7. In the result, the appeal of the assessee is allowed and that of the Revenue is partly allowed.

Assessment Year 2001-2002

8. The two grounds raised by the assessee in its appeal are similar to those for assessment year 2000-2001 but for change in the amount of Rs. 2,03,34,257 being the interest disallowed u/s 40(a)(i) and also charged to tax under Article 11 of the DTAA. Both the sides are in agreement that the facts and circumstances of the instant year are mutatis mutandis similar to those of the preceding year. Following the view taken hereinabove we decide both the grounds in assessee’s favour.

9. First ground of the Revenue’s appeal is admittedly similar to ground no. 1 for assessment year 2000-2001. Following the view taken hereinabove for the said earlier year, we decide this issue in favour of the assessee.

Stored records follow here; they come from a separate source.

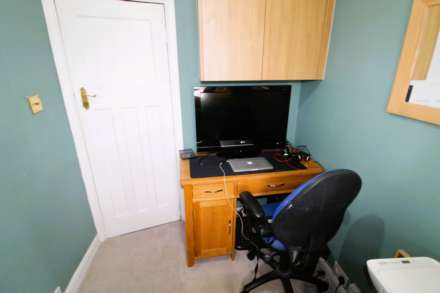 Oldfield Lane South, Greenford, Image 7
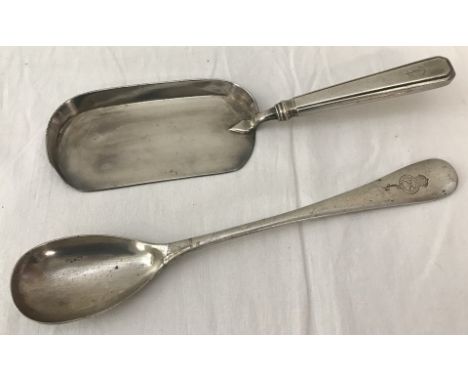 A Mappin & Webb silver plated crumb scoop engraved with "Orient Line" logo to handle, pre 1960 as this was when Orient Line m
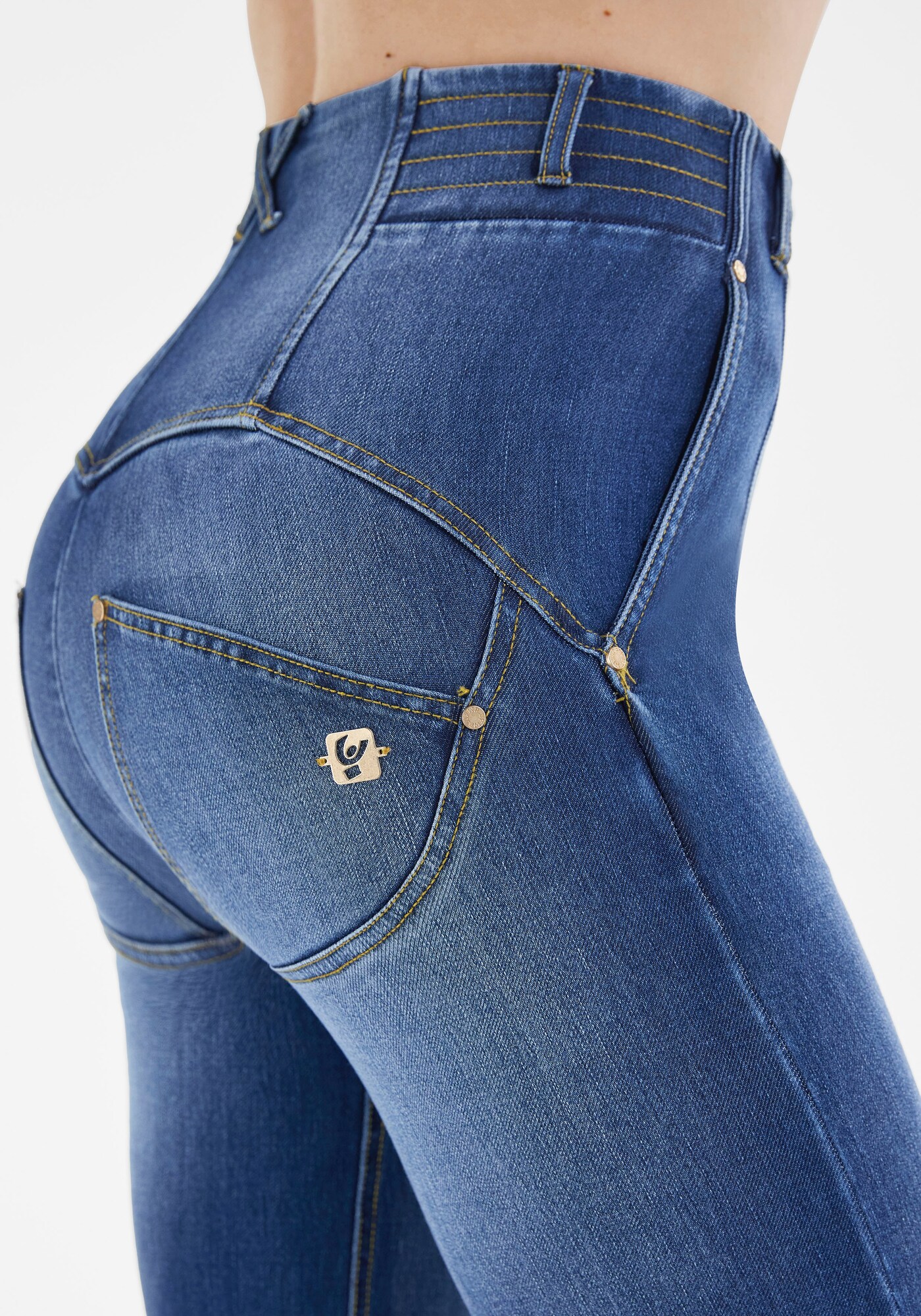 Thumbnail - Jeans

10. Second ground is also similar to that for assessment year 2000-2001, which has been decided by us in favour of the Revenue. In this year, there is one new dimension. The assessee offered some part of the advisory fee received in earlier year for taxation in the current year, which was treated as deferred income in the said earlier year. It is quite obvious that with our reversing the order of the CIT(A) and restoring the action of the AO in bringing the entire amount to tax in the preceding year, the amount already voluntarily offered by the assessee for taxation in the current year, on the strength of its treatment as deferred income in earlier year, cannot be taxed once again. It is observed from the impugned order that the assessee claimed before the ld. CIT(A) that a sum of Rs. 24.36 lakh represents the amount of advisory fee offered for tax in the current year which the AO had charged to tax in assessment year 2000-2001. In principle we agree that if the entire amount has been taxed in a year, then no part of the same can be charged to tax in the subsequent year. As the necessary facts in this regard are not available on record, we set aside the impugned order on this issue and remit the matter to the file of A.O. for examining as to whether the amount of Rs. 24.36 lakh taxed in the current year is part of the amount of advisory fee taxed in assessment year 2000-2001. If this amount is part of total amount taxed in the preceding year, then the same cannot be charged to tax once again. This ground is, therefore, partly allowed for statistical purposes.

11. In the result, the appeal of the assessee is allowed and that of the Revenue is partly allowed for statistical purposes.